The Geography of the New Manufacturing
The reshoring boom is not集中在 the coasts. It is happening in the Rust Belt – and beyond.
Detroit is no longer just cars. It is battery startups (ONE), autonomous vehicle software, and advanced materials. Columbus is becoming a 3D printing hub. Pittsburgh is robotics and AI manufacturing. Reno is battery recycling. Upstate New York is semiconductor fabs.
"The old manufacturing belt is coming back to life," says John Austin, director of the Michigan Economic Center. "But it is not the same industry. These are not giant union factories making commodities. These are smaller, agile, automated facilities making high‑value components. The jobs are different – more technical, more skilled – but they are jobs."
Chattanooga, Tennessee is another surprise hub. The city has attracted Volkswagen's EV assembly plant, Toyota's battery plant, and a cluster of startup suppliers. Elementum 3D, a metal 3D printing startup, just opened a facility there.
The Challenges: Talent, Cost, and Time
Despite the momentum, reshoring faces serious headwinds.
Talent is the biggest bottleneck. The United States simply does not have enough industrial engineers, CNC machinists, and semiconductor technicians. "We are hiring anyone with a pulse and a willingness to learn," says Hadrian's Power. "We train them ourselves. But it takes time."

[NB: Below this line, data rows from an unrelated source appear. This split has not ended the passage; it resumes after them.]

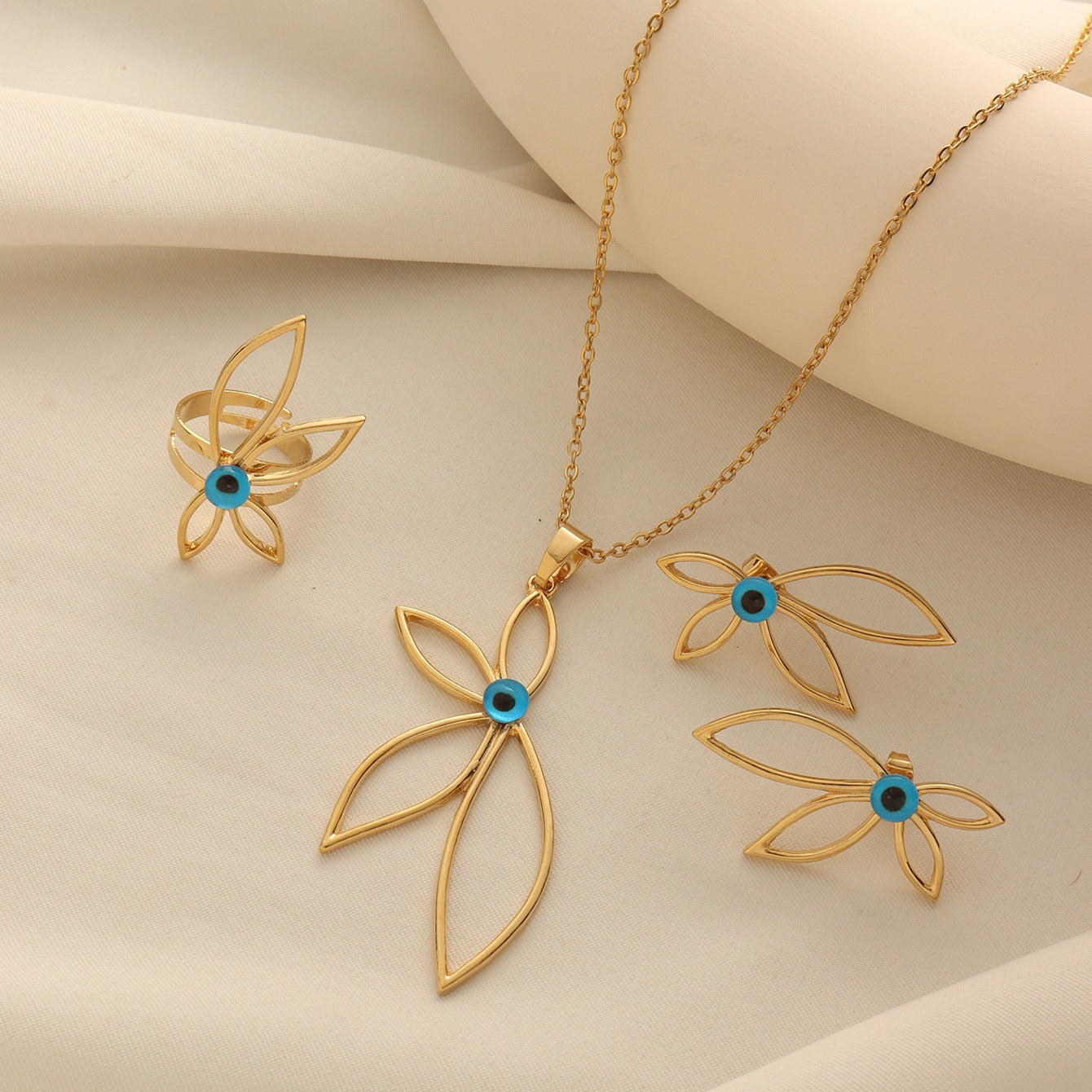 Gold-tone petal shaped jewelry set featuring blue evil eye centers, including a necklace, earrings, and a ring.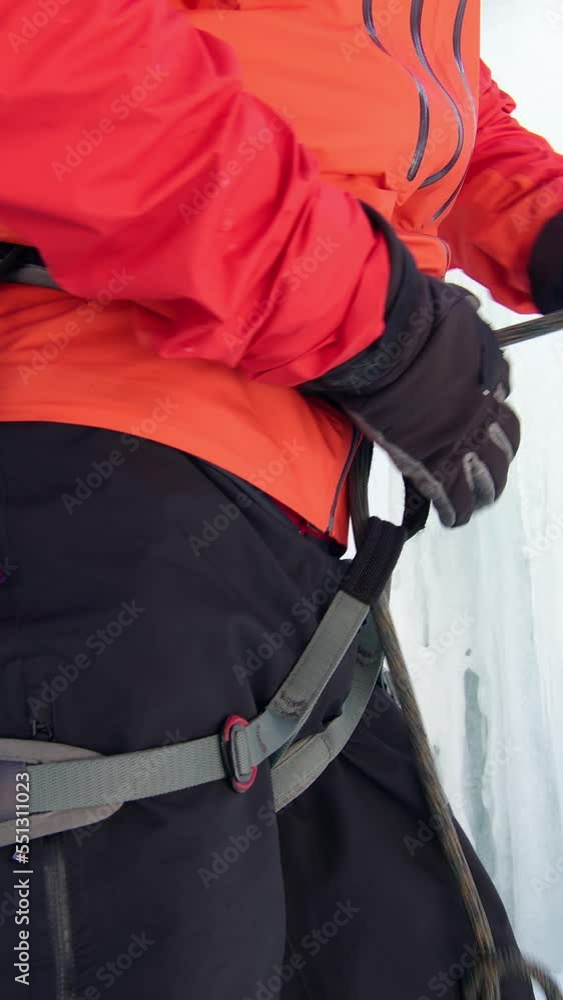 Vertical video of close up shot of Caucasian male ice climber tying a rope to his harness, preparing for a climb Vertical video of close up shot of Caucasian male ice climber tying a rope to his harness, preparing for a climb
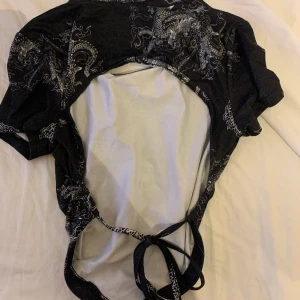 Svart tröja  - Svart tröja öppen bak med snöre och drakar på i vitt använd några gånger 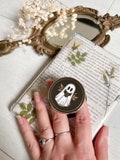 Reading ghost magnetic grip holder product logo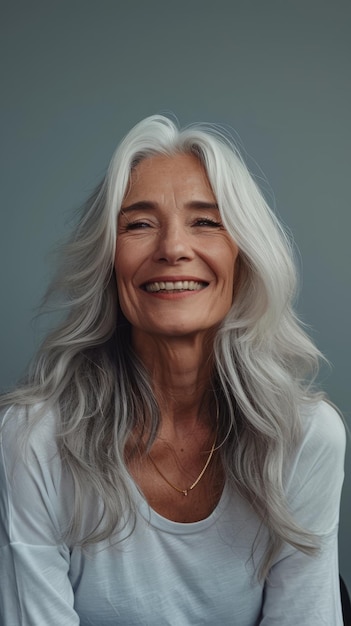 An older woman with long white hair smiling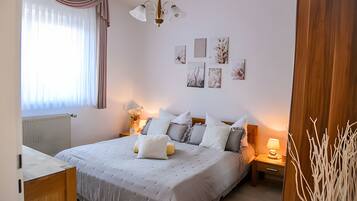 A bedroom with a bed, bedside tables, a lamp, a radiator, and artwork on the wall.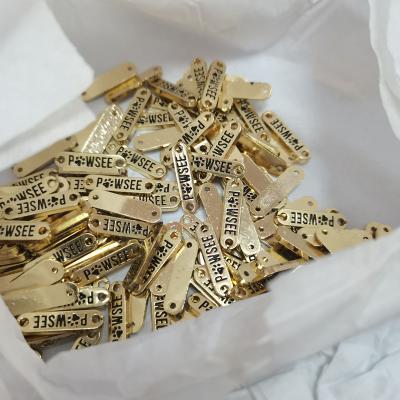 China Washable Custom Clothing Logo Label With Engraved Clothing Label Tag Handbag Accessories Gold Triangle Logo for sale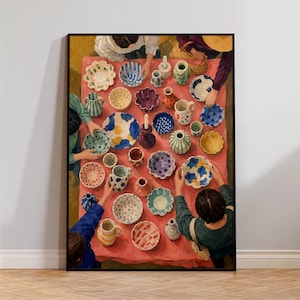 May include: A framed art print depicting a top-down view of a table covered with a pink cloth, featuring numerous colorful ceramic bowls, vases, and pitchers. Several pairs of hands are visible, interacting with the various pottery pieces.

Cost remains higher than China for many products. While total cost of ownership has narrowed – factoring in shipping, tariffs, and risk – raw labor costs in the US are still 5x to 10x higher than in Vietnam or India.
Time is the third factor. Building a factory takes years. Permitting, environmental reviews, construction, and tooling cannot be rushed. Many reshoring projects announced in 2022 are only now coming online.
The Bottom Line: A Manufacturing Renaissance
The great reshoring is not a guarantee. It is a bet – a bet that American startups can out‑innovate, out‑automate, and out‑compete any country in the world.
So far, that bet is paying off. Factory construction spending in the US hit $225 billion in 2025 – double the 2020 level. Startup formation in advanced manufacturing is up 400% since 2021.
"We are not going to bring back every job that left," says Redwood's Straubel. "But we are building the industries of the future – batteries, chips, advanced materials – right here, right now. That is not nostalgia. That is strategy."
In the new American manufacturing, the flag is not just a symbol. It is a supply chain.